American-bred Thoroughbred racehorse

Caixa Eletronica (February 23, 2005 – January 4, 2014), was an American thoroughbred racehorse and winner of three graded stakes in 2012, at the age of seven.

His sire, Arromanches, was not a stakes-winner and stood for just US$1000 in Indiana, but was also exceptionally durable, racing 78 times in eight seasons. He assembled a nine-race winning streak as an eight-year-old.

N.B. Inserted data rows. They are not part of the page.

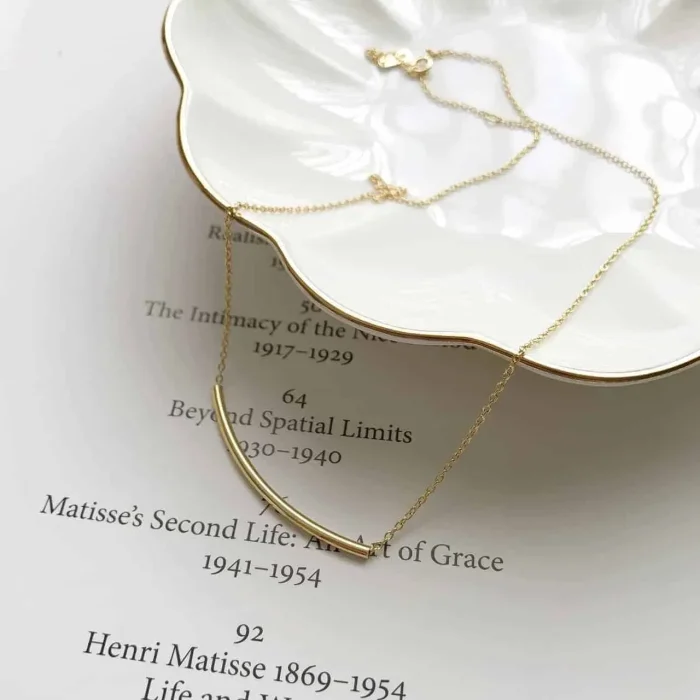 imgi_77_vero-necklace-detail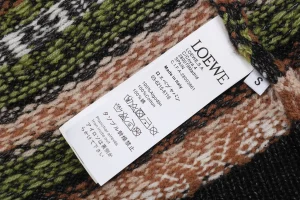 L Christmas Fair Isle Polo Knit Sweater Wash tag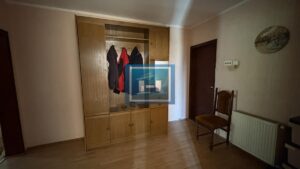 Na prodaju prostrana porodična kuća sa 56,75 ari placa i voćnjakom – odlična prilika!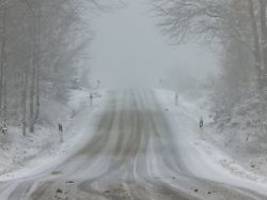 Vorsicht bei gefrierender Nässe!: Kommende Tage bringen Frostnächte und Schnee im Flachland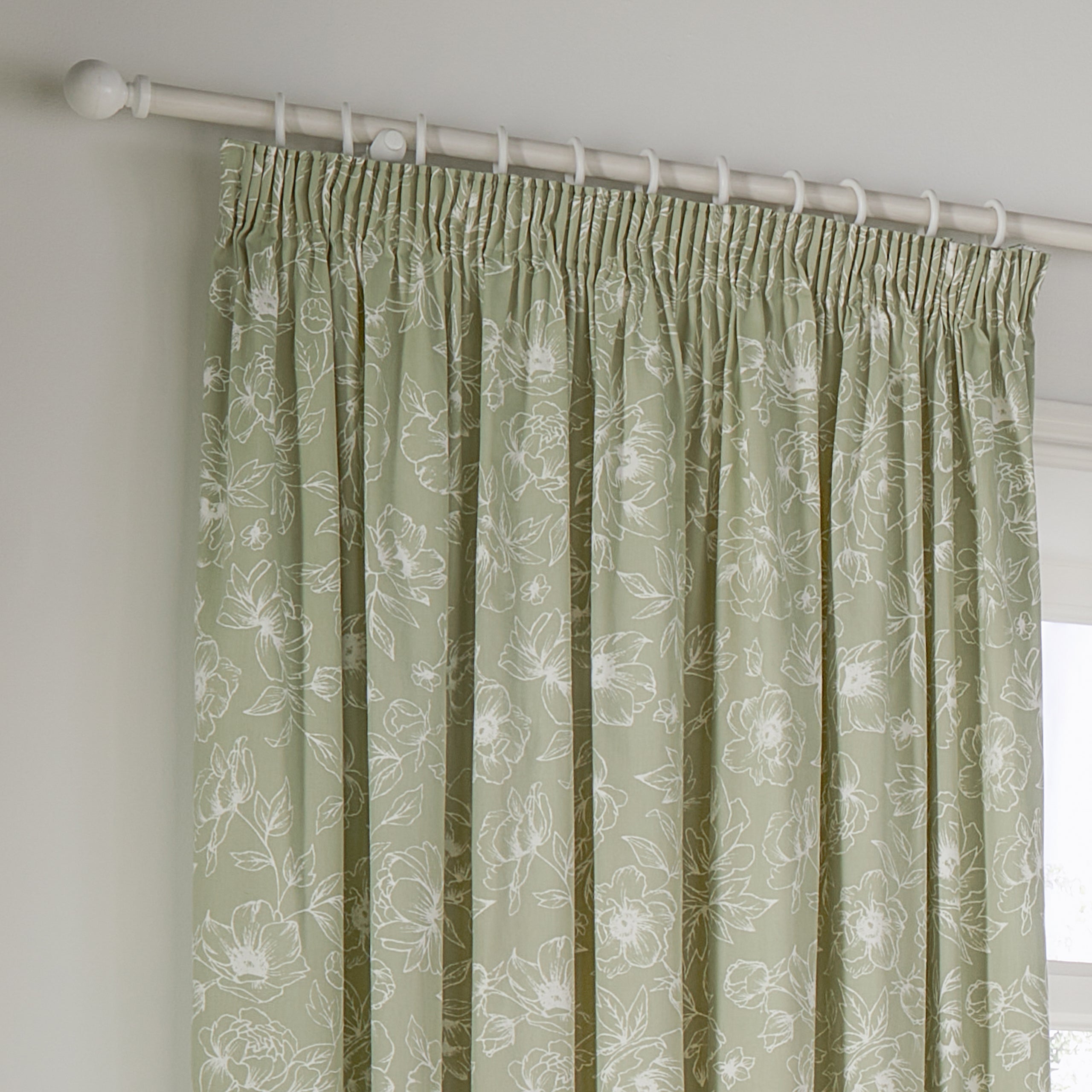 Bella Floral 100% Cotton Lined Pencil Pleat Curtains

Caixa Eletronica performance as a racehorse improved with age, winning his first graded races in 2012. He won the richest race of his career, the 9 furlong, US$1,000,000 Charles Town Classic in April of that year, defeating the previous year's winner, Duke of Mischief. On May 28, he finished fourth behind Shackleford in the one-mile Metropolitan Handicap. He ran back just 12 days later to score a late-charging victory in the True North Handicap, making up more than 14 lengths to win by three-quarters of a length in the six-furlong contest. Caixa Eletronica next tried nine furlongs in the Whitney Invitational at Saratoga on August 4, but faded to eighth. In the September 1st Forego Stakes at 7 furlongs, he finished fourth. Returning to six furlongs at Belmont on September 29, he closed to finish second to The Lumber Guy in the Vosburgh Stakes. After a 7th-place finish in the Bold Ruler Handicap on October 27, he carried 133 pounds to a commanding four-length victory in the Fall Highweight Handicap. He raced in second place behind This One's For Phil for much of the six-furlong contest before drawing off under a hand ride. The win brought his 2012 earnings to US$1,116,000 in 12 races. January 4, 2014 Caixa Eletronica was in a training accident at Belmont Park. Six Drivers, a 4 year old, got loose and collided with 9 year old Caixa Eletronica head on. Both horses died instantly Six Drivers fractured his neck while Caixa Eletronica fractured his skull.